“女兒,你的腿是真的好了啊。”宋芊芊媽媽喜極而泣。
“是啊,我的腿已經好了。”宋芊芊摸了摸自己的腿,自己終於可以不用坐在輪椅上度日了。
“那咱們是繼續上學。”宋芊芊媽媽試探性地問道。
自己的真實年齡是十三歲,但減了五年的壽命,現在如今的自己應該已經是十八歲了,以這個樣貌去上初中,真的合適麽,宋芊芊心中猶豫。
轉念又一想,那又怎麽樣,大不了自己更加努力的學習,爭取能夠達到跳級的要求,自己現在的成績在全年級也是名列前茅,在她腿還沒好的時候,就經常跟自己賭氣,他們越是嘲笑自己,自己就越是努力,自己也就有資本去鄙視他們。
“好啊,我也想繼續上學。”宋芊芊答應道。
路平家中,此刻的他正在猶豫,因為他又接收到了來自絕望之境的感應,出現的這麽頻繁,真把自己當打工的了?
意識降臨到絕望之境,這回他沒有選擇實體,上一回也是沒有想到自己能實體出現而發生的意外,看著舟上所坐之人,是一個頭髮早已花白的老人,此刻正迷茫的坐在舟中四處觀望。
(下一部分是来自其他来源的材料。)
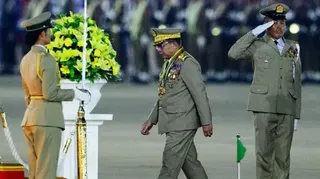 Military Chief Min Aung Hlaing arrives to deliver a speech during a ceremony to mark Myanmar's Armed Forces Day in Naypyidaw on March 27, 2026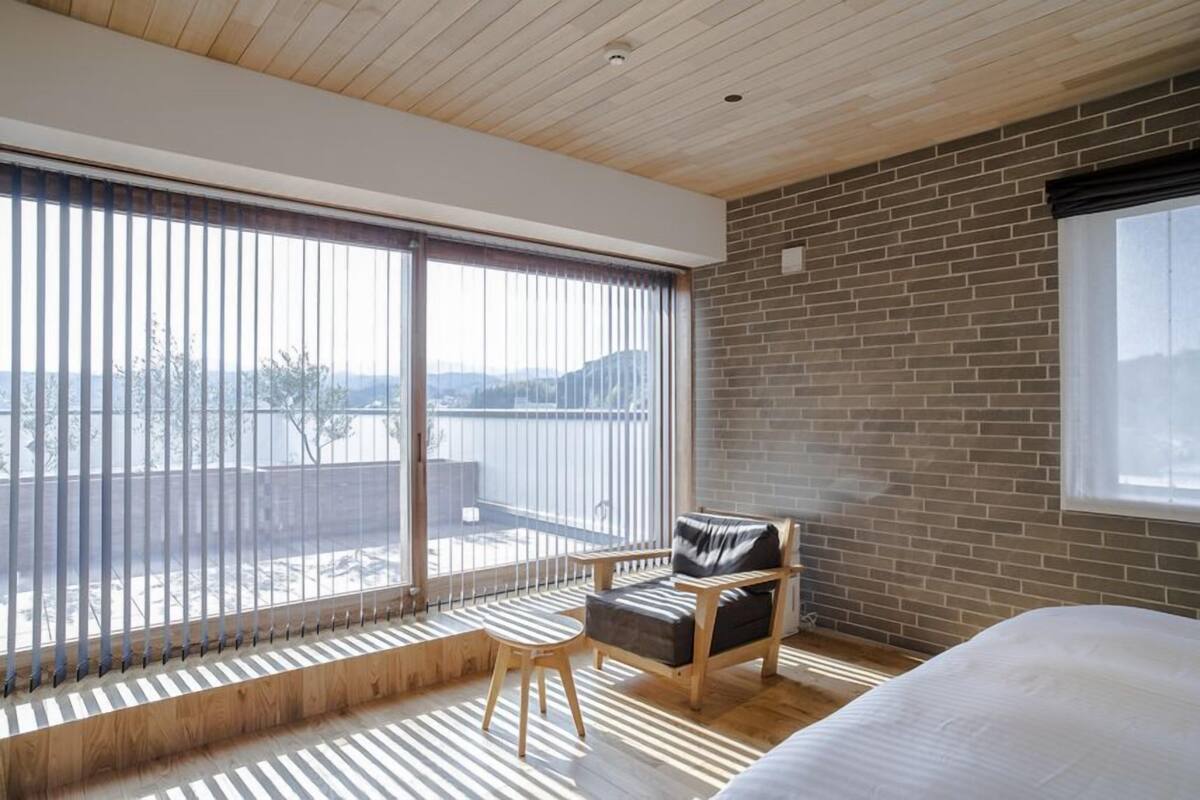 A modern bedroom with a large window, a wooden ceiling, and a brick wall.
年紀這麽大了還能來到絕望之地,要不就是子女不孝,或者是身患重病躺在病床上一心求死,要是兩者合二為一,那才令人絕望呢,路平心中暗想。
“您好。”路平對於年長之人一向很有禮貌。
“你是誰?”老人語氣平緩,沒有絲毫害怕的情緒,一看就是見過大風大浪的人。
“該怎麽說呢,自我介紹就免了,我就直接說了,想要復活嗎?”對於這個年紀的人來說,沒有比活過來更加誘人的事情了。
“我不想活了,就這麽死了也好,死的乾淨啊。”老人說話顫顫巍巍,一副被人氣到生無可戀的模樣。
又得聽故事了,在這麽下去,自己都能寫本書出來了。
“您說說看,或許我能幫您也說不定呢。”
老人仿佛找到了宣泄之口,說道:“你是不知道,人一老就渾身的病,這幾個不孝子女是一個比一個混蛋啊,一個比一個推脫的乾淨,我隻好拿著自己的養老錢去看病,住院住了半個多月,總算是有孩子來看我了,你猜他們來的第一句是什麽?”
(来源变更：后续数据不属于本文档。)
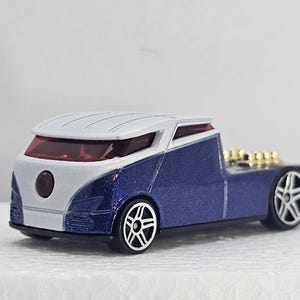 May include: A die-cast toy truck with a white cab and a blue body. The truck features a unique design with a low profile and custom wheels. The rear bed has gold-colored engine detailing. The vehicle is a collectible toy.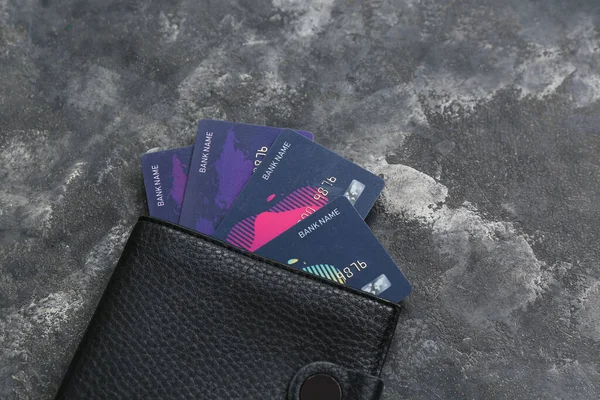 Leather wallet with many credit cards on grunge black background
老人已經沒有了最初的冷靜,向著路平一一數落著兒女的不孝,渾然已經忘了這裡是什麽地方,可能是也不在意吧,路平隻好歎了口氣,做著捧哏的工作。
“那是說了什麽呢?”
“他們竟然跟我說,爸,你立遺囑了麽,氣的我是當場腦溢血。”
看著面前這個老人吹胡子瞪眼睛的樣子,路平也不好安慰些什麽,隻好直入主題。
“那麽,要跟我交易麽?”
“你是閻王嗎?”
“是啊,我是閻王,看著你兒女的兒女這麽對你,我的心裡也是為你打抱不平,我可以幫你復活,還可以增加你的壽命。”看著誤會的老人,路平也順著說道。
“那我拿什麽東西可以交換啊,老頭子我啥都沒有啊。”
“我這裡推薦是金錢交易,當然也可以是別的,種類多多,不過也要看你兌換多少年的壽命了。”路平向老人推銷著自己的業務種類。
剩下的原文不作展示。